An additional important fact is that the EULA at the time did not assign Blizzard the rights to custom maps.1 And since 2010, Blizzard and Valve have jointly registered DotA-related copyright. See e.g. U.S. Copyright Registration Nos. TX0008153084 and TX0008149056.
The theory of ownership is as follows. Because the EULA did not assign Blizzard the copyright in the customization, the modders gained copyright in those, despite the restriction that they not be used commercially. It was then free to them to transfer those rights to Valve.
A court has considered in passing whether this assignment to Valve was valid. See Blizzard Entm't, Inc. v. Lilith Games (Shanghai) Co., Ltd., No. 3:15-cv-04084-CRB (N.D. Cal. May. 16, 2017).
The judge recognized that the EULA explicitly prevented Eul and Icefrog (the modders who assigned their rights to valve) from using their creations for commercial purposes. However, because uCool "twice failed to argue that the ban prevented Eul and Icefrog from validly assigning their rights to Valve," the judge understood uCool to have waived that argument.

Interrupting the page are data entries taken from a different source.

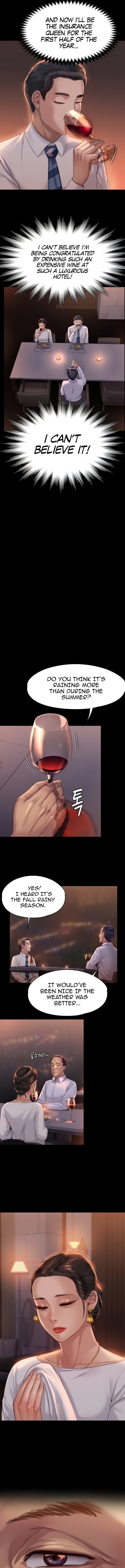 Page 13 of Chapter 201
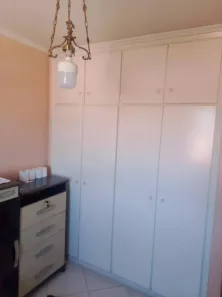 Apartamento com 2 Quartos à venda, 91m² no Vila Proost de Souza, Campinas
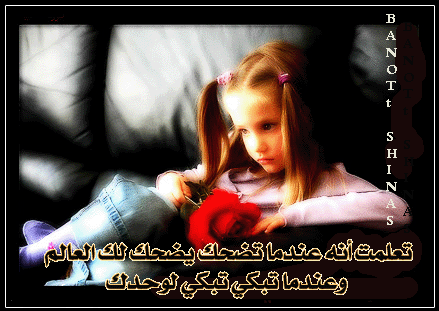 33bd19fe71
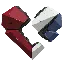 KaiChain
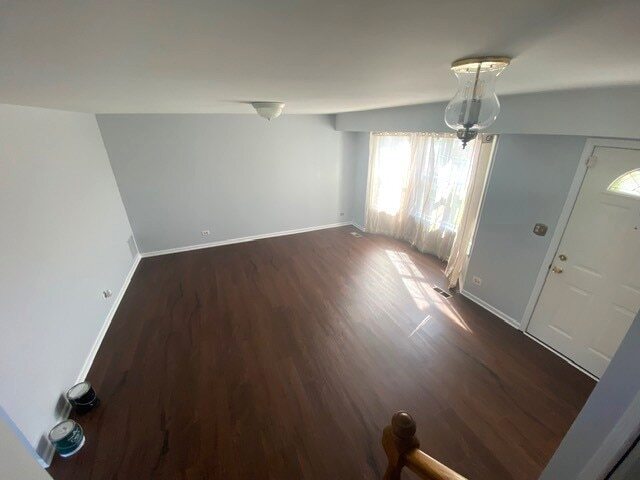 Photo - 209 N Southport Rd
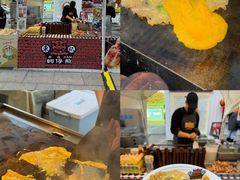 -宁波鄞州万达广场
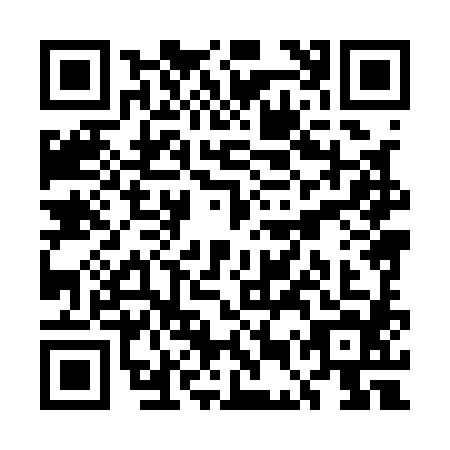 QR code for UEX1848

Thus, the status of the copyrights is still in flux. However, commentators speculate that Blizzard and Valve have an agreement/protocol for dealing with these copyright issues.
It would take a third-party to argue that copyright in one or more of the DotA variants is in the public domain or actually owned by some other creator and force a court to assess the copyright and validity of the assignment.2
1. Today, the language has been updated to "assign to Blizzard all of your rights, title, and interest in and to all Custom Games."

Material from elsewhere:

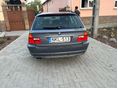 BMW 3-AS SOROZAT 2003/3 - 4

2. For one person's theory of how this could be the case, see David Nathaniel Tan, "Owning the World's Biggest eSport: Intellectual Property and DotA" (2018) 31:2 Harv. J.L. & Tech 965 at 984 (analogizing to Sherlock Holmes). I am not suggesting that a third party with no ownership interest in the copyrights would have standing to enforce Blizzard's former ToS, ELUA, or other agreements, or its copyrights. I am proposing that the third party might raise these as an arguments in defence of their own use (as uCool did).